« Disposer de données pour piloter, c’est essentiel » pour Stefan Van Rumst, éleveur belge
Stefan Van Rumst nous montre, sur son élevage de 300 vaches, à quoi peuvent servir des indicateurs et des tableaux de bord : à réagir en cas de dérapage, mais aussi à prendre des décisions de pilotage.
Stefan Van Rumst nous montre, sur son élevage de 300 vaches, à quoi peuvent servir des indicateurs et des tableaux de bord : à réagir en cas de dérapage, mais aussi à prendre des décisions de pilotage.
Stefan Van Rumst est installé en Belgique à Chimay, à la frontière des Ardennes. En vingt ans, cet éleveur est passé d’une production de 500 000 litres à 3,5 millions de litres. Ses 300 vaches produisent aujourd’hui en moyenne 34 litres par jour. Installé sur une surface de 178 hectares, il achète des fourrages et pas mal de concentré pour nourrir ses vaches et 250 génisses qui vêlent à 23 mois. « Les vêlages sont étalés sur l’année pour une meilleure gestion des niches à veaux, le respect des protocoles d’élevage et de conduite du troupeau, étaler le travail et optimiser la main-d’œuvre salariale », a-t-il souligné lors d’une conférence organisée par l’entreprise de conseil en élevage d’Ille-et-Vilaine Eilyps(1) en septembre.
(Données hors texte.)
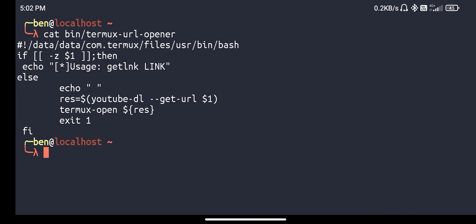The use of this script is that it provides one single option. Whenever we share a URL with Termux, it gets the URL as the first parameter. You can create any script and Termux will get the URL as the first parameter, so you can do anything with the URL.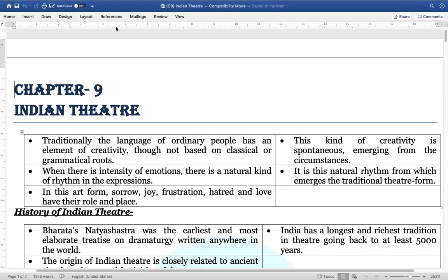Hello friends, welcome to Malukayes. In this chapter, we would be discussing art and culture, and the focus will basically be on Indian theatre.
Saturer les moyens de production
Cet agrandissement ne s’est pas fait sans erreur, reconnaît-il. « On passe à 100 vaches puis 120… et on finit par se rendre compte qu’au-delà de 150 vaches, ce n’est plus possible de continuer comme avant avec 1 ou 2 personnes. » Stefan livre son lait à une coopérative qui ne limite pas le volume collecté. Son objectif aujourd’hui est d’atteindre 320 vaches pour saturer tous les bâtiments, équipements, surface et main-d’œuvre. Il pilote l’exploitation avec des indicateurs, notamment pour tout ce qui est reproduction et alimentation. « Je travaille avec un organisme privé (Liba) qui ne fait pas de conseil : il met à disposition une plateforme de calcul sur laquelle je saisis les données d’élevage. » Il accède ainsi à des tableaux de bord qui lui permettent de se comparer à la moyenne des 300 à 400 éleveurs inscrits sur la plateforme et à la moyenne du quart supérieur. Le coût du service est dérisoire, à 100 euros par an. « L’éleveur doit surtout se discipliner pour entrer régulièrement les données. »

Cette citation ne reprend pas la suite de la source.